● WORK ITEM:
Your task is to repeat all of the data exactly while excluding the pictures.
── SUPPLIED RECORDS ──
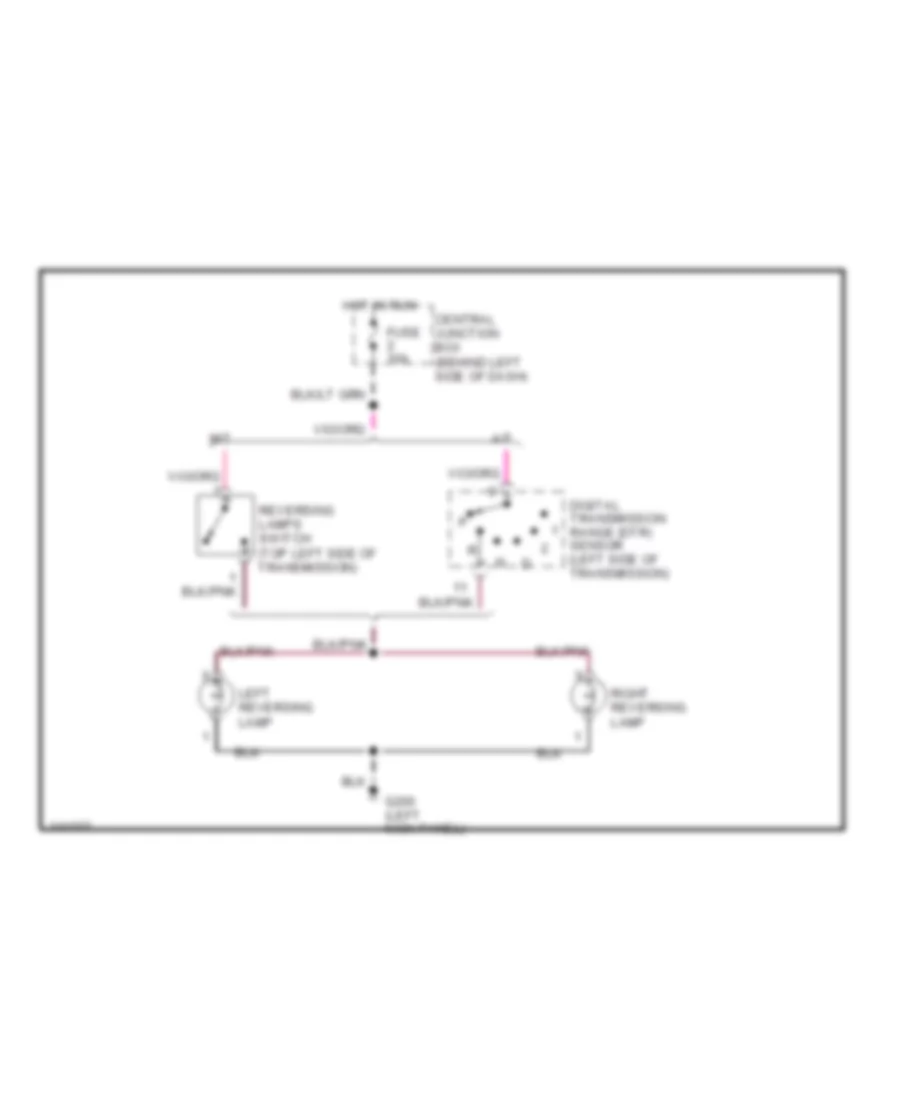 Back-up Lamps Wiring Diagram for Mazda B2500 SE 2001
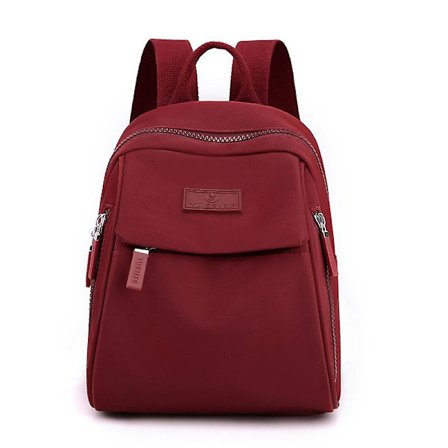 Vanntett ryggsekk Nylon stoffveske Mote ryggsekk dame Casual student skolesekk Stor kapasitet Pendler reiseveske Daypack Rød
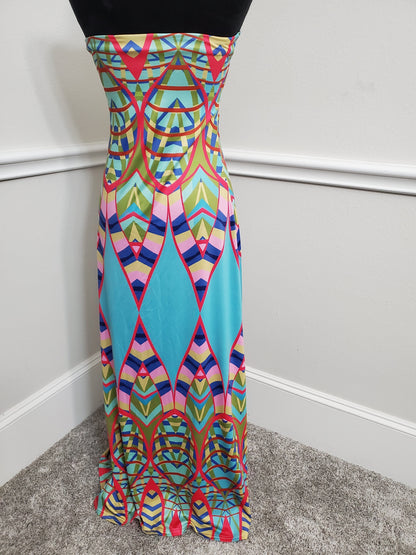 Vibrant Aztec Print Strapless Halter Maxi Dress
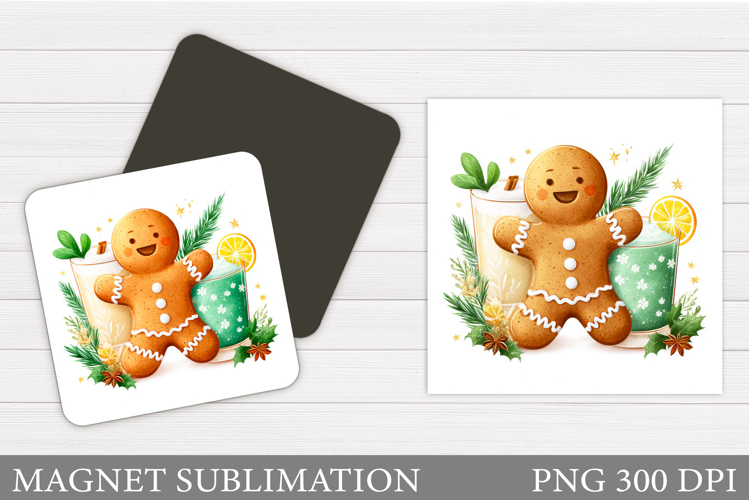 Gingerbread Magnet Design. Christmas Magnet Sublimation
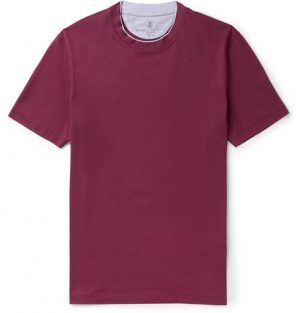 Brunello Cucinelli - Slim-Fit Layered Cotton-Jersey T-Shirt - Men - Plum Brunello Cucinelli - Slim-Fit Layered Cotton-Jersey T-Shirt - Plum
───
● TASK RESULT:
 Back-up Lamps Wiring Diagram for Mazda B2500 SE 2001
 Vanntett ryggsekk Nylon stoffveske Mote ryggsekk dame Casual student skolesekk Stor kapasitet Pendler reiseveske Daypack Rød
 Vibrant Aztec Print Strapless Halter Maxi Dress
 Gingerbread Magnet Design. Christmas Magnet Sublimation
 Brunello Cucinelli - Slim-Fit Layered Cotton-Jersey T-Shirt - Men - Plum Brunello Cucinelli - Slim-Fit Layered Cotton-Jersey T-Shirt - Plum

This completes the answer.